● DIRECTIONS:
Would you please copy all of the data exactly, skipping the images?

● SOURCE DATA:
::::

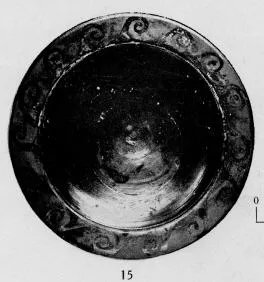 PLATE, STEMMED (SOUTH ITALIAN, APULIAN, RED-FIGURE)
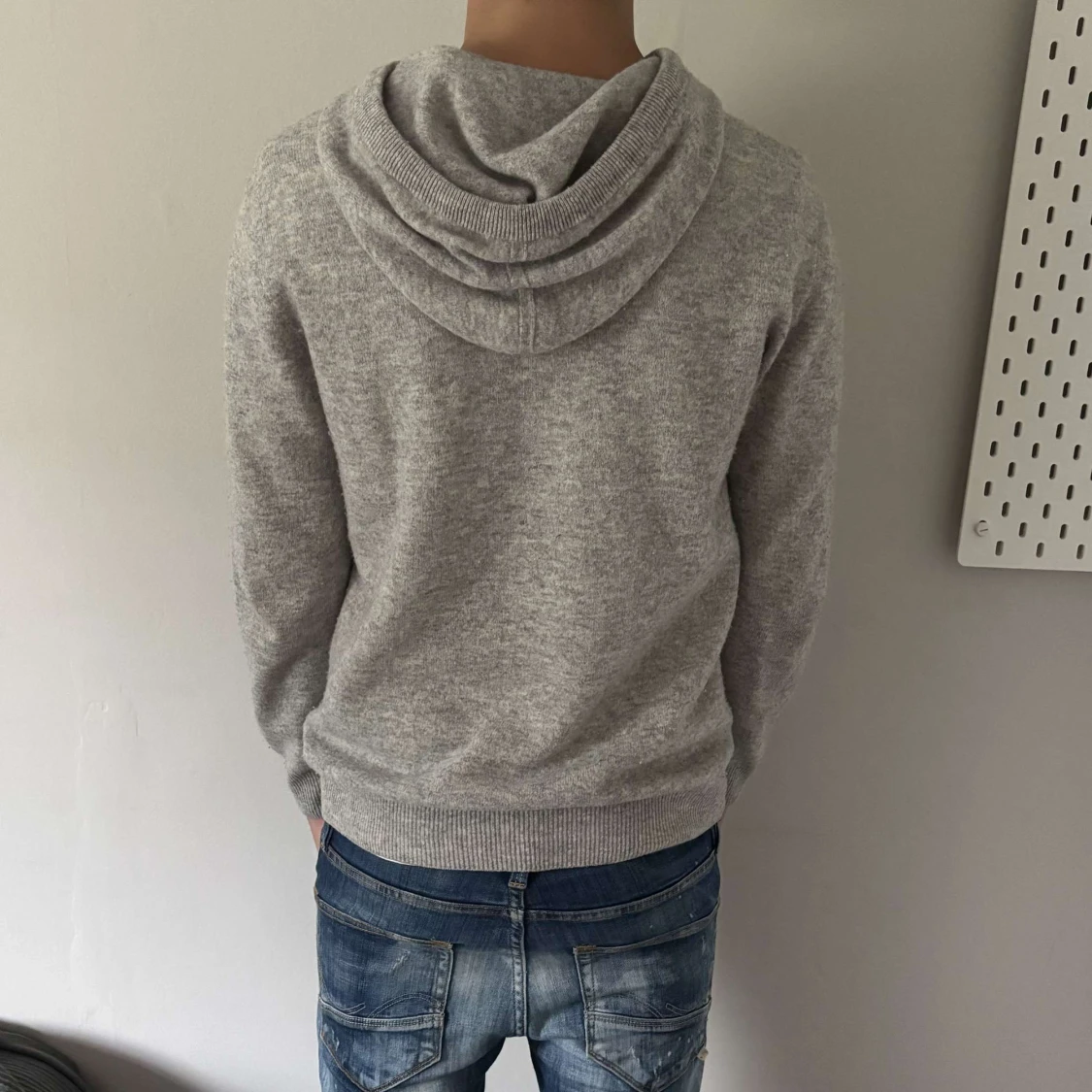 Ljusgrå merinoull hoodie - 2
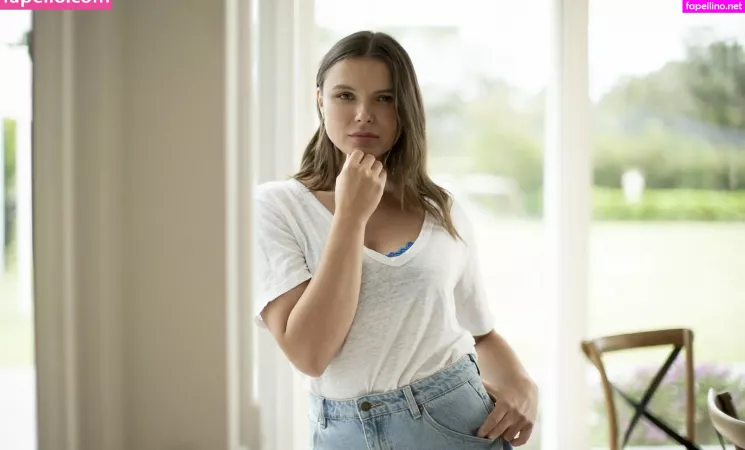 Phoebe Roberts OnlyFans Thumbnail #57BkIE9ANl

::::

● OUTPUT BELOW:
 PLATE, STEMMED (SOUTH ITALIAN, APULIAN, RED-FIGURE)
 Ljusgrå merinoull hoodie - 2
 Phoebe Roberts OnlyFans Thumbnail #57BkIE9ANl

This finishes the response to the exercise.